Halls are divided by countries. Seeing it all in one day is impossible. They take you through the main ones, plus the ones where the guests came from. There are tons of presents, and that means that my counter of lies has twirled with the speed of light. There are even presents from the USA. Basketball fan Kim Jong-eun’s basketball from Madeleine Albright. I am sure it was done with Denis Rodman involvement, Kim’s best friend. Although most of the gifts are from various countries, most of them are some kind of sketchy marginal councils, committees, parties, funds and other parasites of all the colors of the Comintern. Among the leaders: basically a circle of dictators. Castro, Mugabe, Mubarak, Gadhafi, Chavez and other dear comrades. The main gift from the Russian Federation: the caricature Medvedev, who looks like a hobbit, shakes the hand of a no less caricature father of the current chairman. Guide presented it as an official gift from the president and the government of Russia.
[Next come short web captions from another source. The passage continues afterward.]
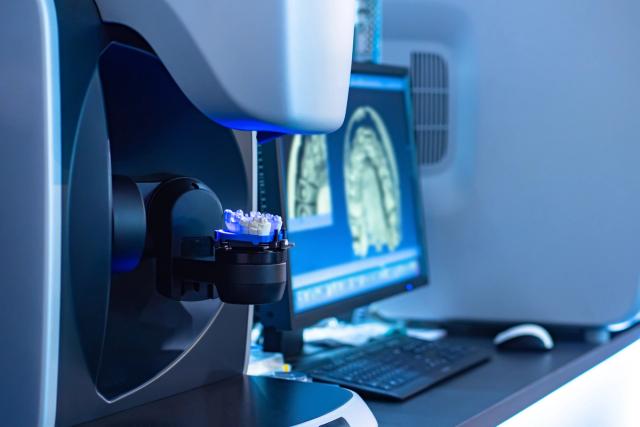 A dental 3D scanner digitizing a dental model, with digital teeth scans displayed on a monitor.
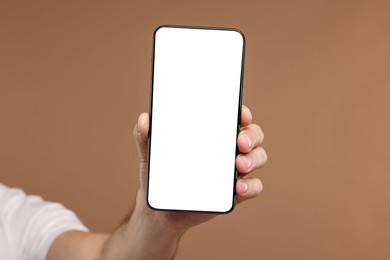 Photo of Man showing smartphone on light brown background, closeup. Mockup for design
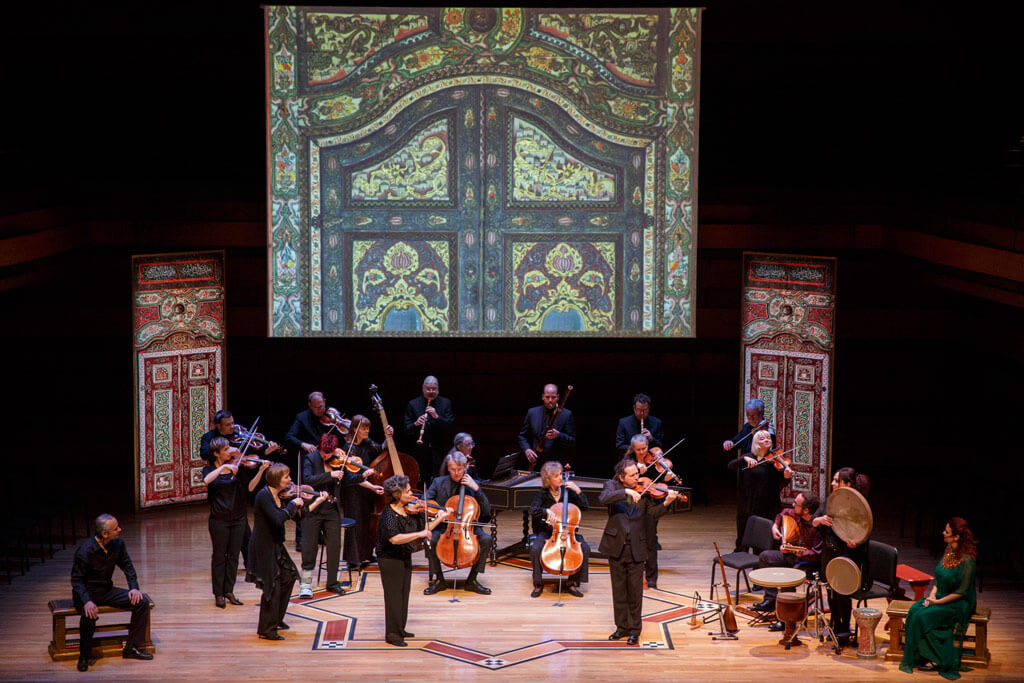 Tafelmusik: “Tales of Two Cities: The Leipzig-Damascus Coffee House.” L-R: Actor Alon Nashman (seated); Tafelmusik Baroque Orchestra (standing); Trio Arabica (lower right). (Photo: Bruce Zinger)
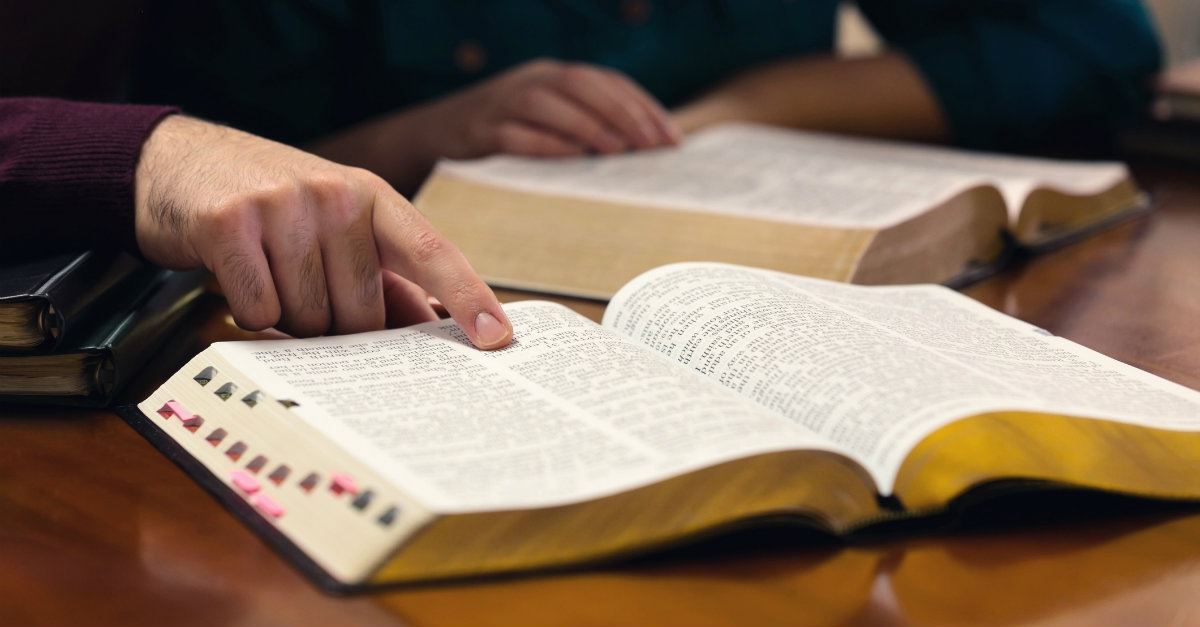 people studying the bible, finger pointing at scripture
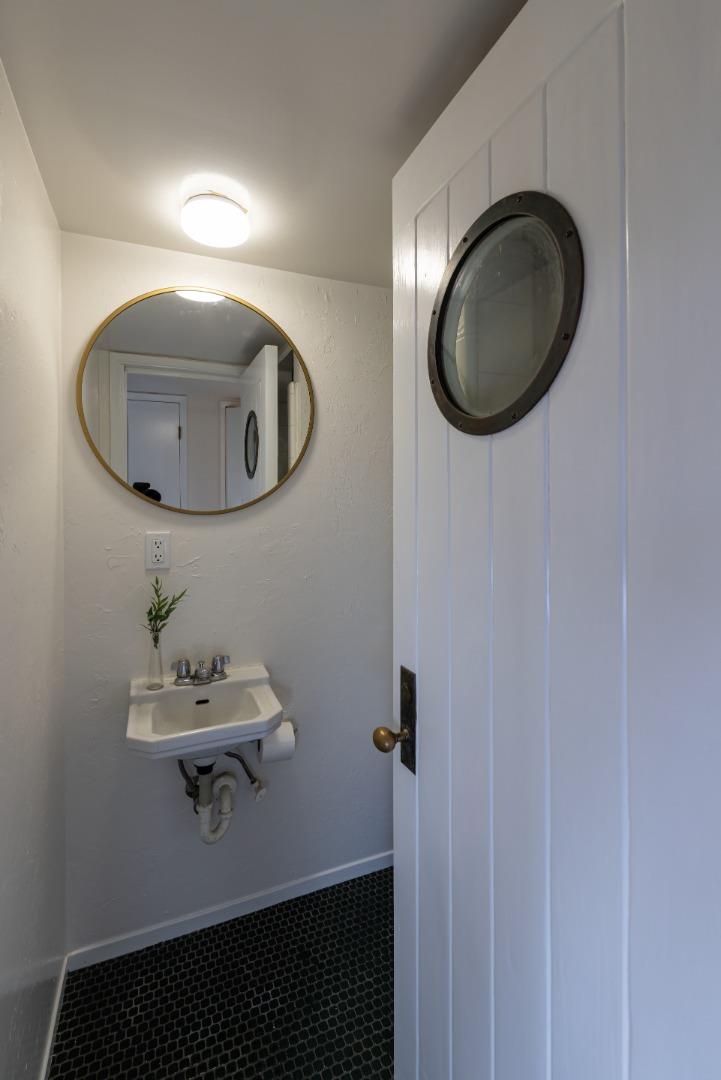 621 Townsend Drive Aptos, CA 95003 - Photo 25 of 43 a bathroom with a sink and a mirror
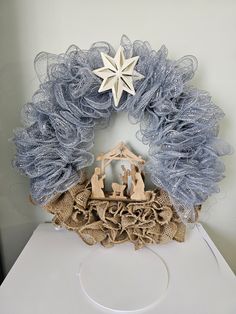 a nativity wreath with a star on top and burlap around it, sitting on a table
I come closer, and the nameplate says: “A gift from the dental community of Chelyabinsk.”

Isn’t it cute!

As many as 3 halls are devoted to gifts from China. Endless numbers of vases, silks, figurines and … a few cars. One of which is the American Buick made in China. Such a poetic justice.

And here comes my favorite part!
The guide recalls that in addition to the crowd of Chinese, some guy from Ukraine was among them. And everyone is told to pay tribute.
Thank God we share not the biggest room with Hungarians, Belarusians, Slovaks.
Only one wall is devoted to Ukraine. There is all the brilliance and pride: three clubs, sabre, Kobzar, embroided shirt, boring pictures descended from non-existing parties and prime ministers. And in the middle of everything there is a panel lined with ordinary amber, of course, illegally mined in the Rivne region.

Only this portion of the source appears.